Various small bug fixes and improvements, like making sure focus goes to the text field when a curator hides content, or filtering by state of matter life
Haven’t thought that far ahead yet. The main issue here was that Seek defaulted to a specific location and date if the observation didn’t have one or the other, and this was the cleanest way to prevent that from happening.
I suspect we won’t totally block uploads for iNat in these cases. We already provide warnings in the web uploader if this info is missing, as well as in the new app:
It’s some good progress towards preventing junk uploads to the site.
Another very good step in that direction would be stopping the creation of observations without any media attached to them. There are huge numbers of “observations” which have neither photograph nor sound recording attached to them. At the very least the creation of them should be stopped if it hasn’t already been.
If new creations have indeed already been stopped then going through and deleting all of the old junk “observations” of that type which exist would be a good idea too. They clog up the casual section of the site and may even reduce database performance since over all species there are likely hundreds of thousands of the things.
First off, there’s no need to use derogatory language, i.e.,
when referring to how other users engage with iNat.

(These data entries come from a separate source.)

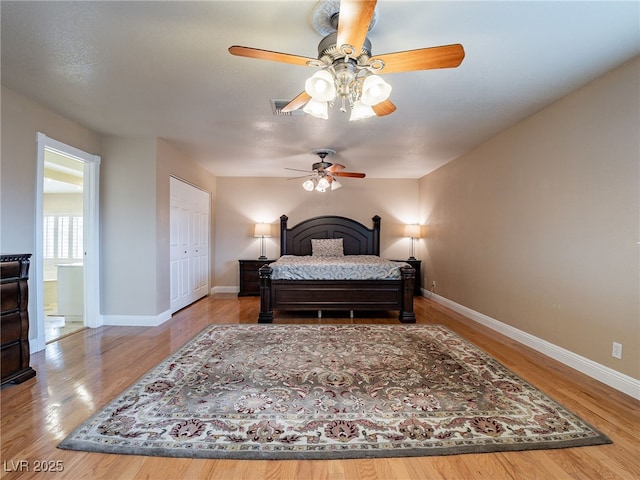 bedroom with ceiling fan, a closet, and hardwood / wood-style floors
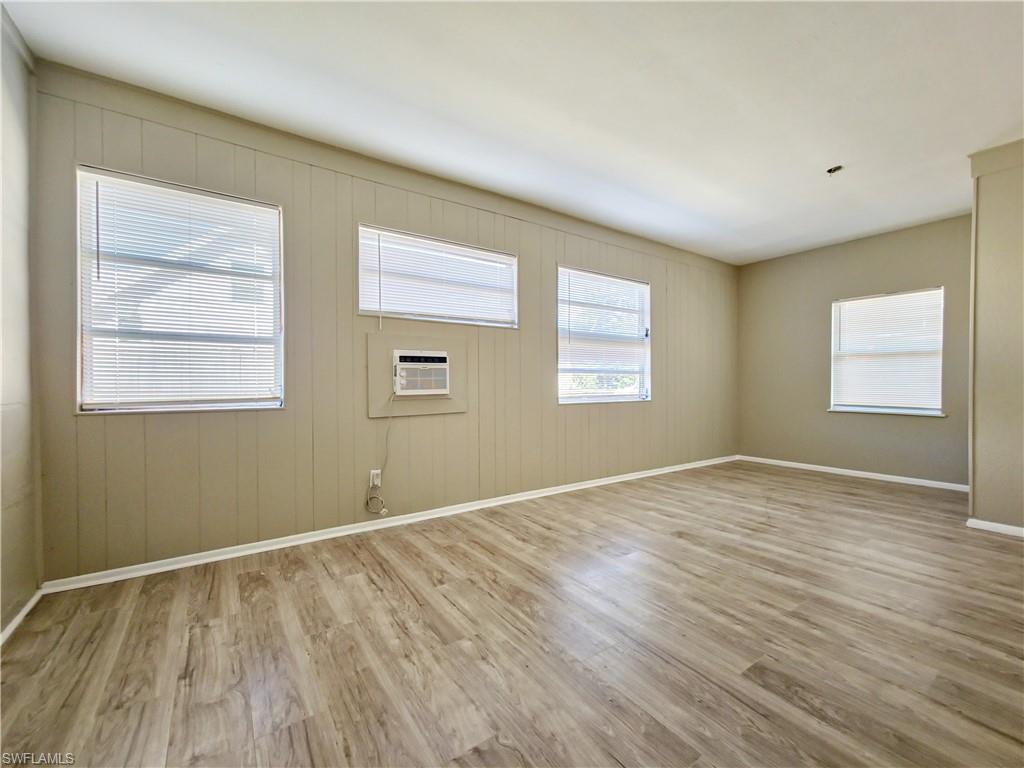 3488 Roberts Street Mims, FL 32754 - Photo 5 of 15 a view of an empty room with wooden floor and a window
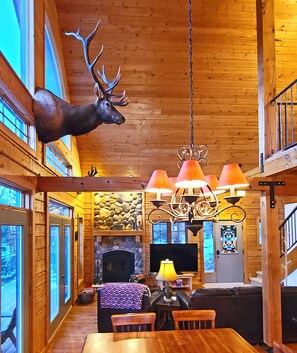 A log cabin interior with a large deer head mounted on the wall, a fireplace, a television, and a dining area with a table and chairs.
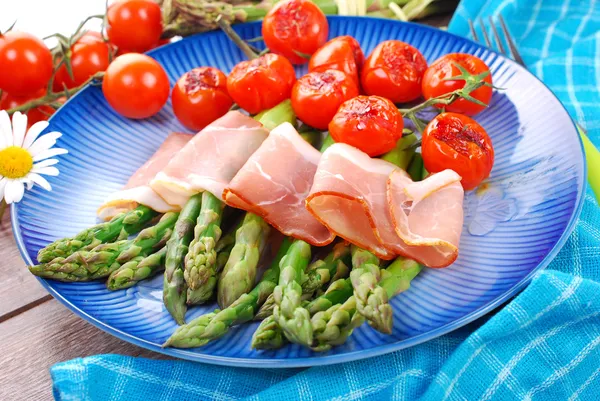 Espargos verdes com presunto e tomate cereja grelhado — Fotografia de Stock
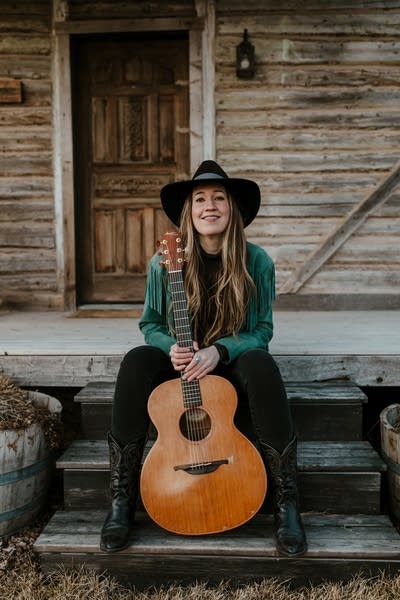 A woman with guitar sitting on the porch of a rustic home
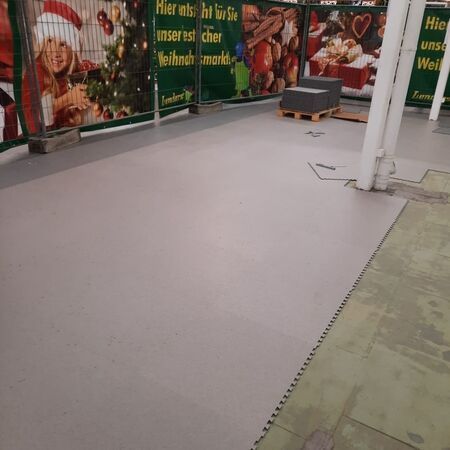 Grauer Boden in einem Baustellenbereich, im Hintergrund sind Weihnachtsdekorationen zu sehen.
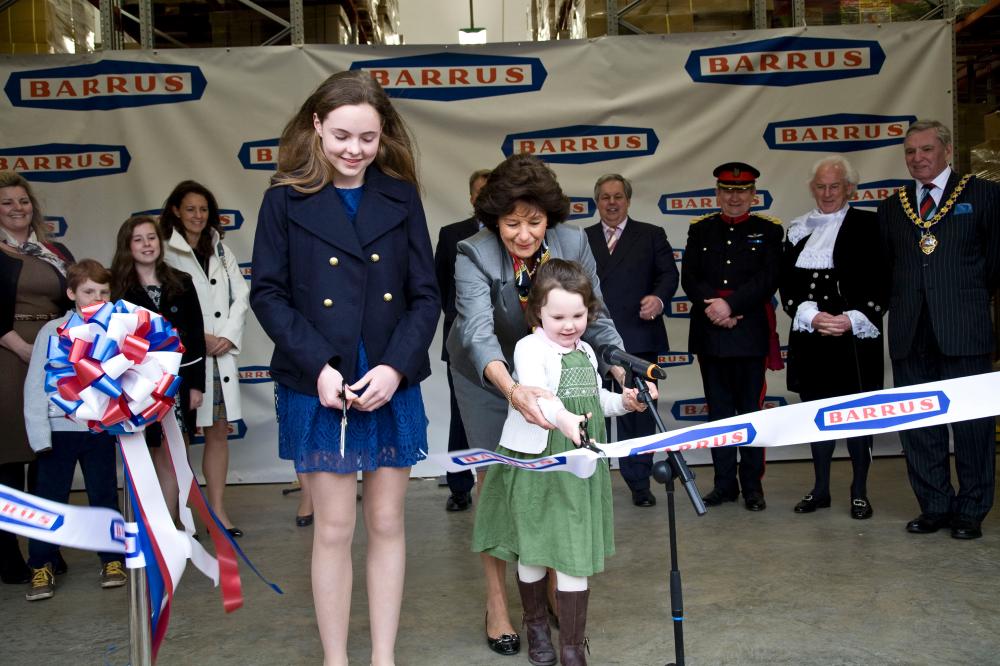 Granddaughters Gabriella Hart (with scissors) and Olivia Newall cut the ribbon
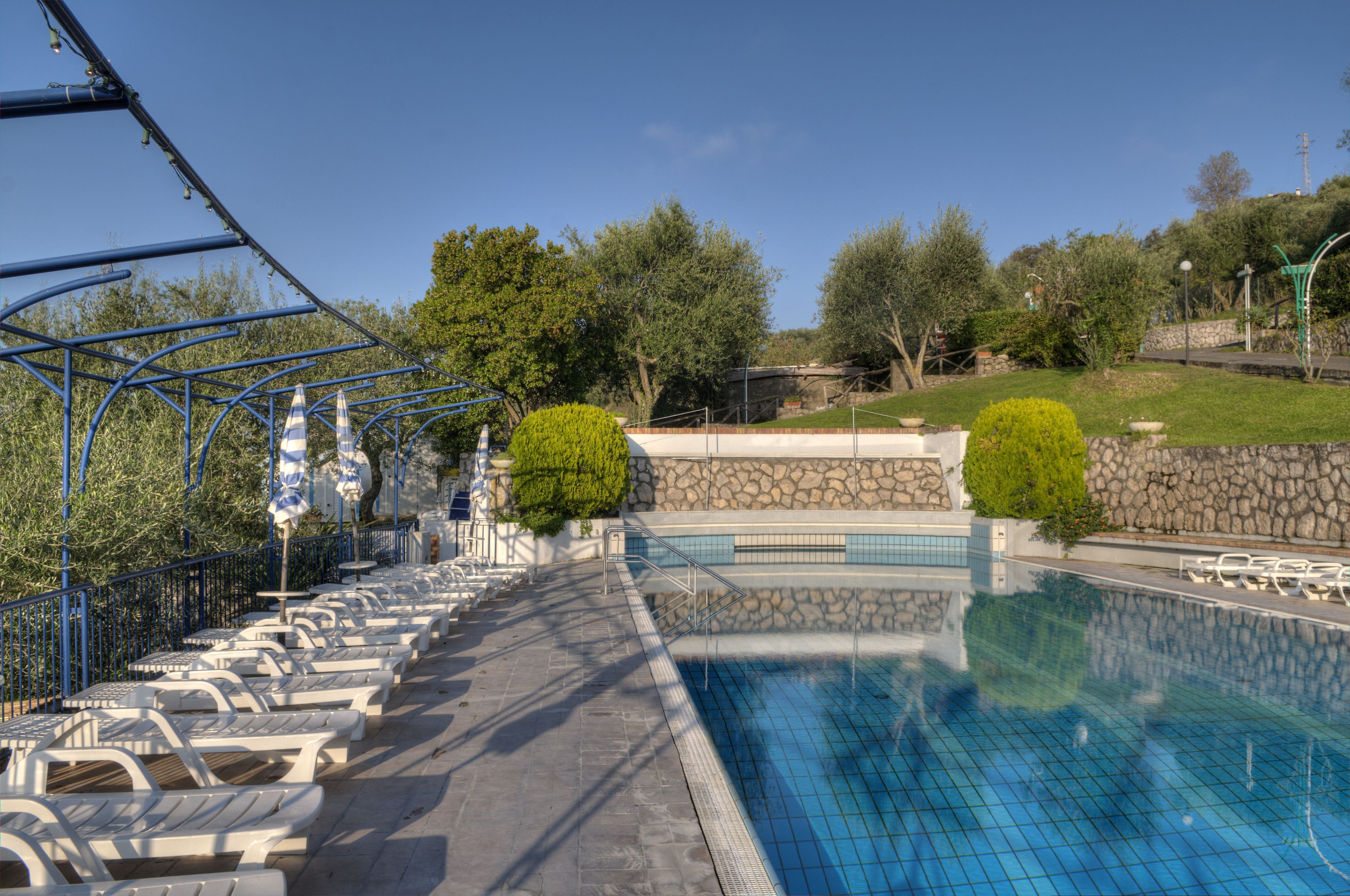 A swimming pool with lounge chairs and a stone wall.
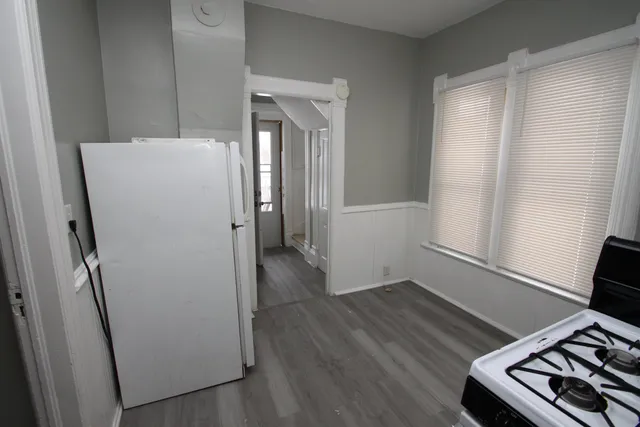 a kitchen with a stove and a refrigerator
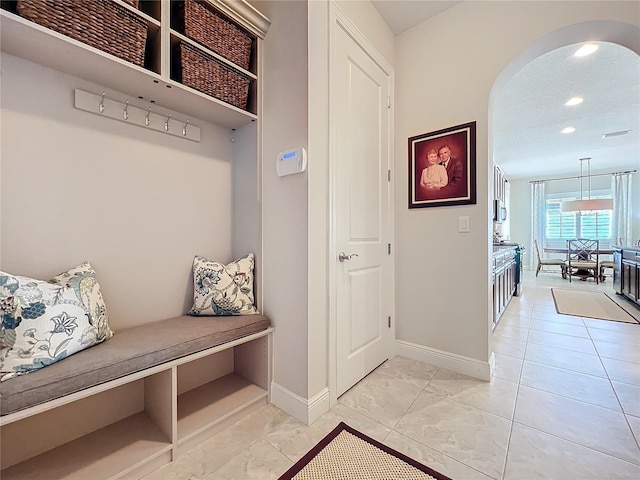 mudroom with a textured ceiling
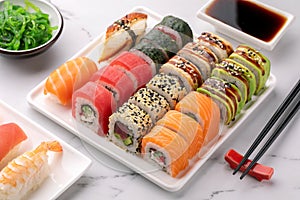 Various kinds of sushi placed on white square plate, seaweed salad and soy sauce in a bowl on the side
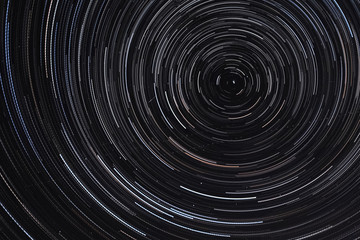 Long exposure starry sky, twisted tracks of stars.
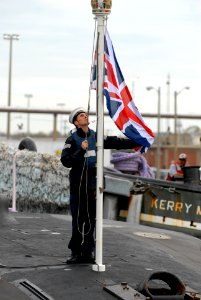 US Navy 111128-N-NK458-092 A sailor assigned to the Royal Navy submarine HMS Astute (S119) prepares to raise the flag as the ship arrives at Naval photo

There are legitimate uses for media less observations. I have a few myself for cases where I have observed something, but haven’t gotten a photo. I want to remember the location and details, but don’t have evidence. This is no different than writing down field data in a notebook which is standard practice for researchers worldwide still (and was the predominant way of recording data until the widespread availability of digital cameras 20ish years ago). iNat staff have made clear that they approve of this type of use and have no intention of forbidding it.
These observations are not in the ID queue by default, and are trivially easy to exclude from Explore/Identify/searches by selecting for observations that have specific media, so they aren’t an issue for the platform.
We expect you to submit information that you believe is an accurate assessment of the evidence provided …
Now that continues on to refer specifically to deliberately false IDs and DQAs. However applying that phraseology only very slightly more widely and that was exactly what I was doing with what I said that you objected to. An “accurate assessment of the evidence provided”. No evidence is provided for the entries I referred to. They are mere unsupported assertion.
So what am I supposed to call such unsupported assertions? They are not amenable to identification. They will never be amenable to identification. Even with unfortunately utterly blurry pictures or low quality sound recordings there is the possibility of attempting ID. It might be such a small possibility that functionally it does not actually exist in reality. Nevertheless it is theoretically there. With the unsupported assertions it is not even theoretically there.
Do tell what adjective should then be used to describe such assertions on a platform such as iNaturalist?
Nothing. You’re not supposed to do anything with such observations. They’re not verifiable. They exist for the purposes of the observer. They’re of no concern to you.
The average eBird observation involves the same level of evidence and they are sent to GBIF in that state. eBird does require comments for unusual submissions and those are vetted by experienced reviewers, but technically anyone on iNat can add correction IDs or clarification requests to media-less obs as well.
just an headsup, if you use proper URL filter, such query is already efficient in finding things ones care of and so what matters atleast to me is realtime performance in those cases with filter like &photos=true or &sounds=true. Any perceived clog/reduce-db-performance is almost nil in such desired filter; even if there are hundreds of thousands of such things on entire site one proper “specific search” URL query will rarely effect db query performance for that user interactions.
if you meant they clog the storage (mute as they are medialess in first place so 100-1000x low storage) and there is background processing to organise these by site, it comes with any data storage mechanisms, "suppose I only care of xyz datapoint, so everything else that inat serves on site by default via its API full fields results beyond my usecase looks performance reduction to me ", so just as there is need for other data fields for others, there can just as be need for these medialess observations for lots of others usecases.
and as others said of ebird and pre-inat, even if modern science is reliant on explicit evidence by media, go back to 300 year old literature, and all I see mostly are three line sentences for n.sp. descriptions and pray that there are no later lookalikes and hope someone offered differential diagnosis atleast for that future similar species yes those descriptions can be revalidated today from taxonomists and new evidence but the point remains they were anchored as medialess text too in first place or as a note in new survey checklists akin to medialess observation at location and date.